Short web captions
▬▬▬

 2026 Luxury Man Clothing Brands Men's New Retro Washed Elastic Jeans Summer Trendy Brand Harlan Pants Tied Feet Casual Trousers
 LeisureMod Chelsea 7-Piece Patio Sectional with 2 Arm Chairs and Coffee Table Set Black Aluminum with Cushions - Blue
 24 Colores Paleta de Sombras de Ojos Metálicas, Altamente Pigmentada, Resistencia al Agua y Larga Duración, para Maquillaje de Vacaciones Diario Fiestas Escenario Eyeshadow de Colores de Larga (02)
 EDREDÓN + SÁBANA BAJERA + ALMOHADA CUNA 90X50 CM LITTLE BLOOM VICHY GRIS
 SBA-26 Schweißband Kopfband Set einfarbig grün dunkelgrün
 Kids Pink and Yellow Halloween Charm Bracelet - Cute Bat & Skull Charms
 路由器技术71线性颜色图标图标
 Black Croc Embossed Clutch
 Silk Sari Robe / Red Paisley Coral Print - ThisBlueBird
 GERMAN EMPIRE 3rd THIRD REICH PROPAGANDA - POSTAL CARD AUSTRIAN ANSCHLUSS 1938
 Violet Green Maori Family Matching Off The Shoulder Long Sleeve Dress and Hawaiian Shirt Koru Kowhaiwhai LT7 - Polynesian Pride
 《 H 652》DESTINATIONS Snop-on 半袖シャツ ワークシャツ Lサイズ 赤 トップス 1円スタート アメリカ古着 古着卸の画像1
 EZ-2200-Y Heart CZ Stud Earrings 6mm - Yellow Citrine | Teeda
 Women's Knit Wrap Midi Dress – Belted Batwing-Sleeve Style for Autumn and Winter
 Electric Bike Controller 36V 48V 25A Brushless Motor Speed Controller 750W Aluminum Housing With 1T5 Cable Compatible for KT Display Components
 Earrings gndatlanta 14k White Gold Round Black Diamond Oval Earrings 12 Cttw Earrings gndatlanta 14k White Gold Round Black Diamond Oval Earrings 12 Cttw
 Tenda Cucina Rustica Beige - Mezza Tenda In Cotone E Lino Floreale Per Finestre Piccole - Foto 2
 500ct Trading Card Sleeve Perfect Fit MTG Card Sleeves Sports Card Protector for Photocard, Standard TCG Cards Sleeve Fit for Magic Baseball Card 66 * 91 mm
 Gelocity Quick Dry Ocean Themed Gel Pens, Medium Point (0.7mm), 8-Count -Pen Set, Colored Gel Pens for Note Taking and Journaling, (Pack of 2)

▬▬▬

YOUR OBJECTIVE:
Whenever a line of the data above includes the word "Dress", copy that line.

TASK SOLUTION:
 Violet Green Maori Family Matching Off The Shoulder Long Sleeve Dress and Hawaiian Shirt Koru Kowhaiwhai LT7 - Polynesian Pride
 Women's Knit Wrap Midi Dress – Belted Batwing-Sleeve Style for Autumn and Winter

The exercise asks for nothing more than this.